Epileptic Focus Localization via Brain Network Analysis on Riemannian Manifolds.

OBJECTIVE

Brain network connectivity analysis plays an important role in computer-aided automatic localization of seizure onset zone (SOZ) from Intracranial Electroencephalography (iEEG). However, how to accurately compute brain network dynamics is still not well addressed. This work aims to develop an effective measure to find out the dynamics for SOZ localization.

METHODS

Given multiple-channel iEEG signals, the ictal process involves continuous changes of information propagation. In each time slot, the connectivity relationship between channels can be represented as a matrix. Since the matrices from different time slots do not lie on vector spaces, the similarity between them cannot be computed directly. In this paper, we regard the matrices as points on a Riemannian manifold, so that the similarity can be measured by the geodesic distance on the manifold. It addresses the information-losing problem in existing methods using a vector to approximate a matrix. With the Riemannian method, the brain network dynamics are figured out by clustering methods.
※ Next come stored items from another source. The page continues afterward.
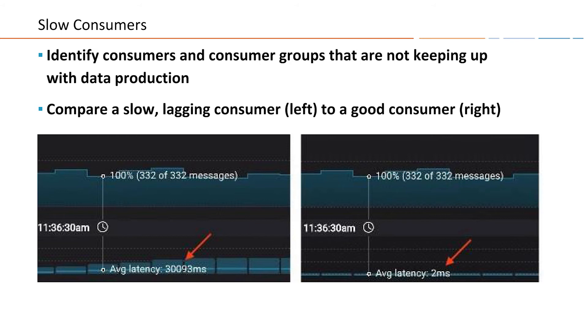The third problem to monitor for is slow consumers. You want to identify consumers and consumer groups that are not keeping up with the rate data is produced, because slow lagging consumers risk falling further and further behind and eventually cause a real noticeable problem for your business. A lot of the time you'll have SLAs — a manager may say they want a dashboard to always reflect data five minutes after it happened, or a mobile application showing credit card transactions may require that every time a customer buys something and checks the mobile app, they will see the transaction within a minute or two. It's really important to notice those lagging consumers before your customers start complaining.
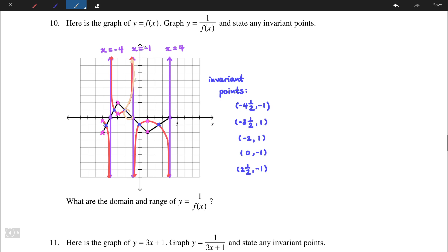Going from 1 to 0, the numbers are getting smaller so the reciprocal gets larger, curving this way. Same thing on the other side as well — the original function is moving towards 0 from 1, so the reciprocal moves towards infinity from 1. As we move from the invariant point towards 0, the reciprocal gets very large negatively.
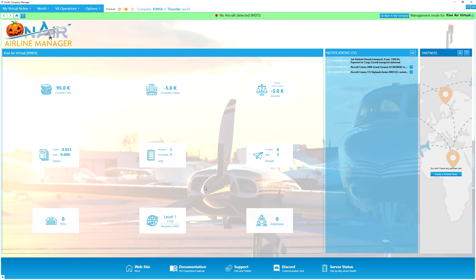If you're an expert or long-time virtual airline owner on On Air, put your comments down below with any tips or corrections. If you want to take part and be a member of Kiwi Air Virtual, fill your boots — let me know and I'll add you as a company. Use the internal messaging system on On Air to give me a yell. Thanks very much for watching, please smash the like button, subscribe if you're new, and until next time, take it easy.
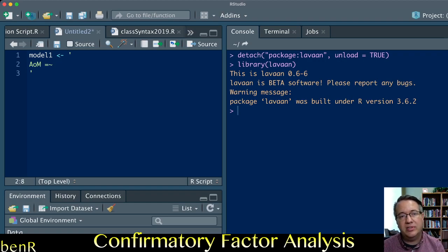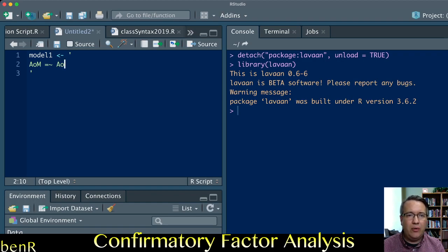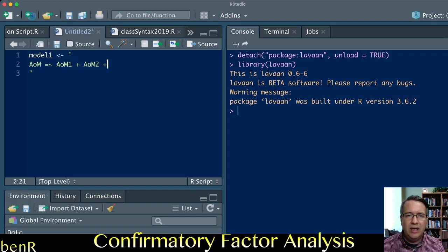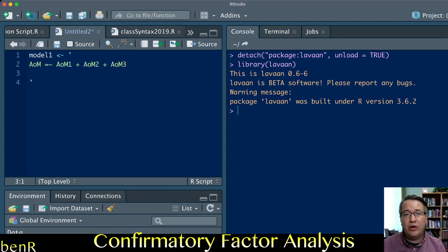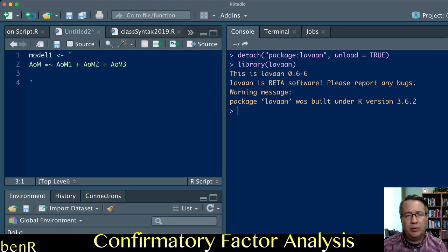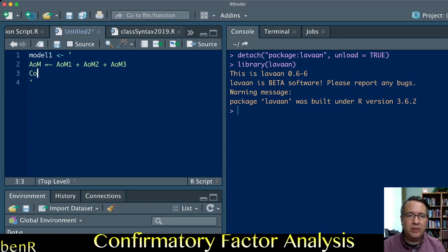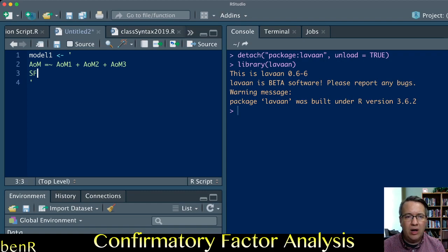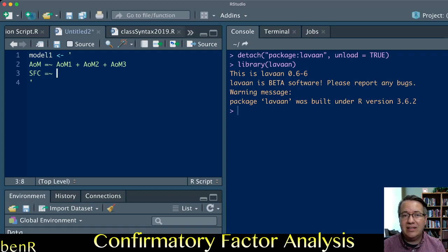These have to correspond to the names of your variables in your dataset. In my dataset I named these variables AoM1, AoM2, and AoM3. The second latent variable I'm going to fit measures people's support for political compromise. We'll call that COMP for compromise.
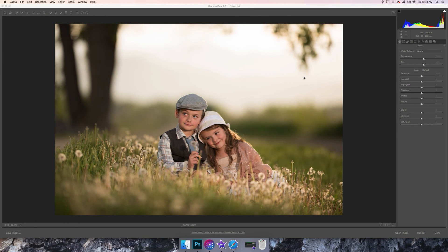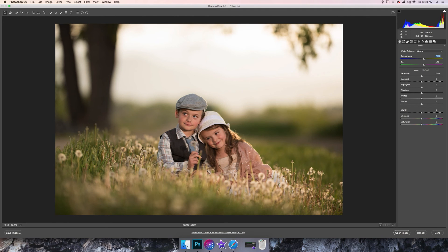Hey everybody, I thought I would do a tutorial of this image — these are two adorable little kids that I had the privilege of photographing. I always let everyone know right away that I am not a Photoshop expert, so there may be a lot of things you know that I don't. Feel free to let me know if there's a different way to do something. I'm also notoriously bad at shortcuts. I did use a flash on this photo to add some fill light into the image.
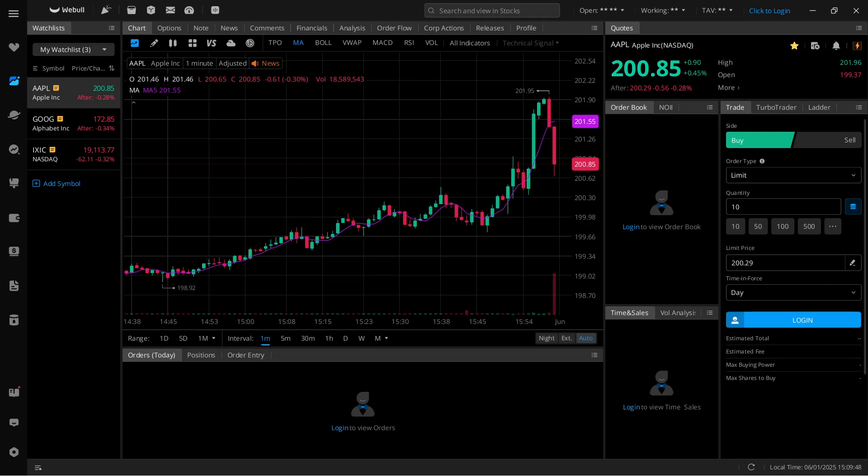In this video, I'm going to show you how to paper trade options on Webull desktop.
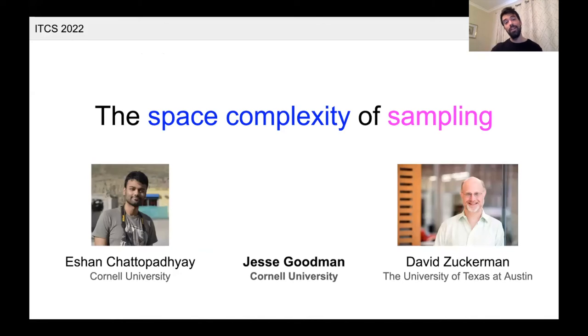Hi, I'm Jesse. I'm a PhD student at Cornell, and today I'll be talking about the space complexity of sampling. This is joint work with Ishan Chattopadhyay and David Zupperman.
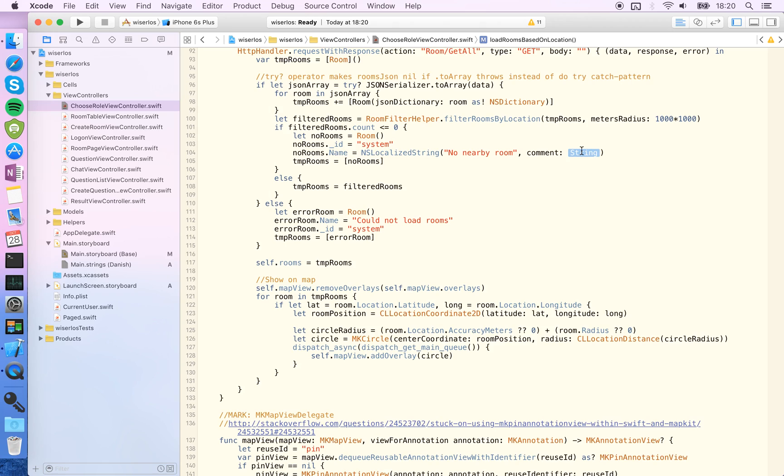You'll have to think about that maybe this external translator doesn't know your app, doesn't know the domain of your app, so it can be a good idea to put some kind of comment here. So the comment here could be like something warning message that's no rooms nearby.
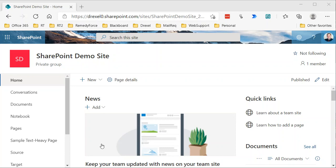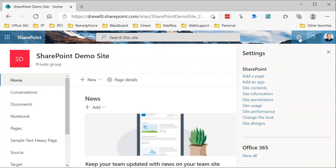So we're in a site here. This is just a SharePoint demo site that I have. And to get to where we need to go to create site columns, it takes a few clicks. It used to be very easy, but in the modern experience, they've made it harder to get to some of the classic site settings. So when I click the gear icon up here,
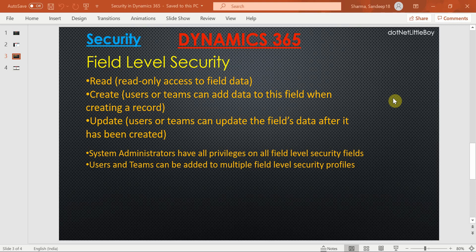Hello everyone. In this video we will see how to configure field level security in Dynamics. When you have a field that contains sensitive data and that field needs to be accessed only by higher-level persons in your organization, you can restrict access to that field for lower users by configuring it as a secured field.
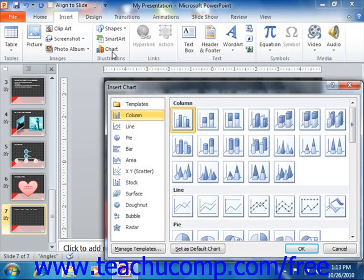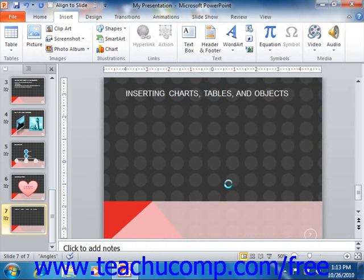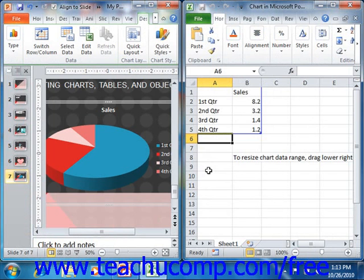This will open the Insert Chart dialog box where you can select the desired chart type and specific subtype to insert. That will insert a chart of the selected type into your presentation when you click the OK button. It will then open and display the source data of the chart in an Excel worksheet. You can then enter the data that you want to chart into the Excel sheet.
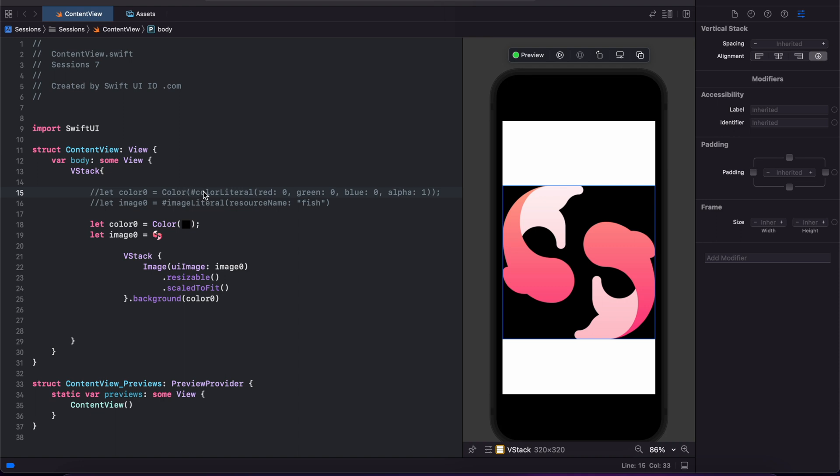Let us see some syntax. To make color you have to use color literal open and close bracket, you need to pass color code. Same as image, image literal open and close bracket, you have to pass image resource name.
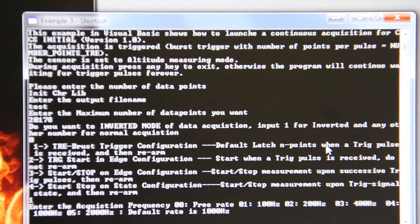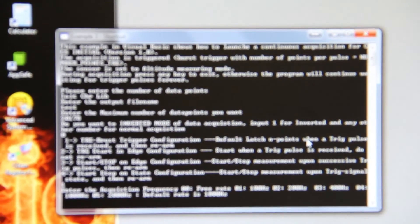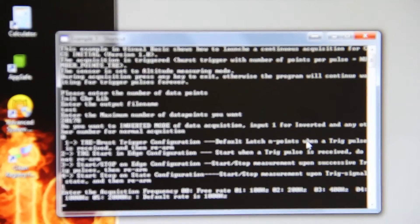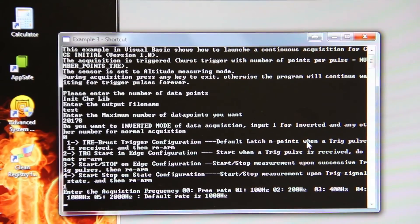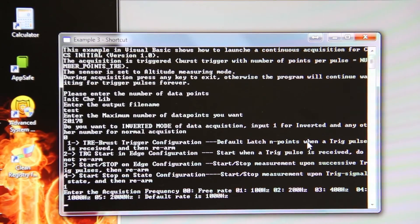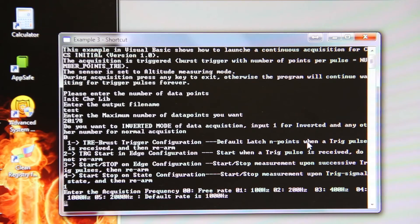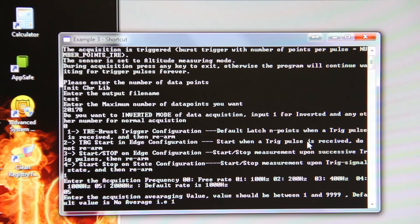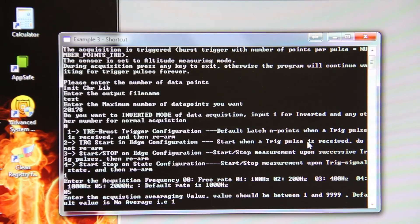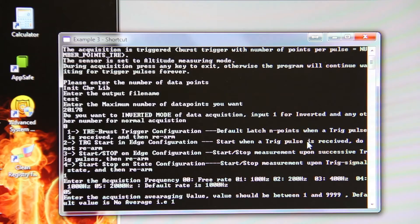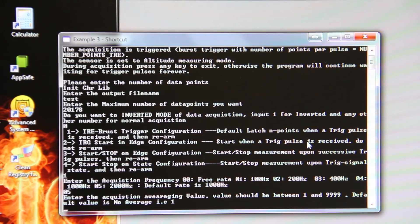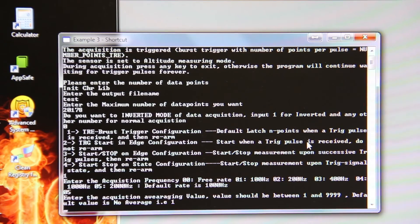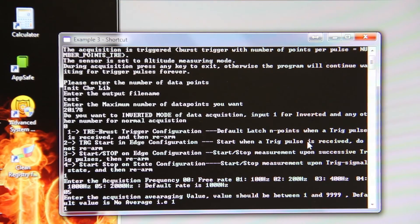Enter the acquisition frequency. So we will use 2000 hertz, so press 0.5. Enter the acquisition averaging value. We will not do any averaging, so press 1.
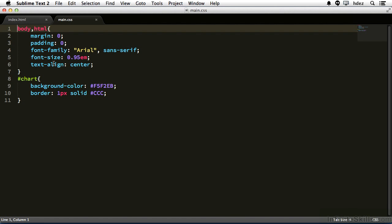Within Sublime Text 2, which is the text editor I will use throughout this course, it has opened the files and created two tabs at the top of the screen, and I can navigate between those tabs.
A temporal segmentation process is applied to refine the segments for SOZ localization.

RESULTS

Our method is evaluated on six epilepsy patients, and the SOZ localization performance is evaluated by the area under the curve (AUC) score. Overall, our method obtains an average AUC score of 0.875, which outperforms the existing approaches.

CONCLUSION

Our method preserves more information in measuring the relationship between brain connectivity descriptors, thus is more robust for SOZ localization.

SIGNIFICANCE

Our method has great potentials for clinical epilepsy treatments.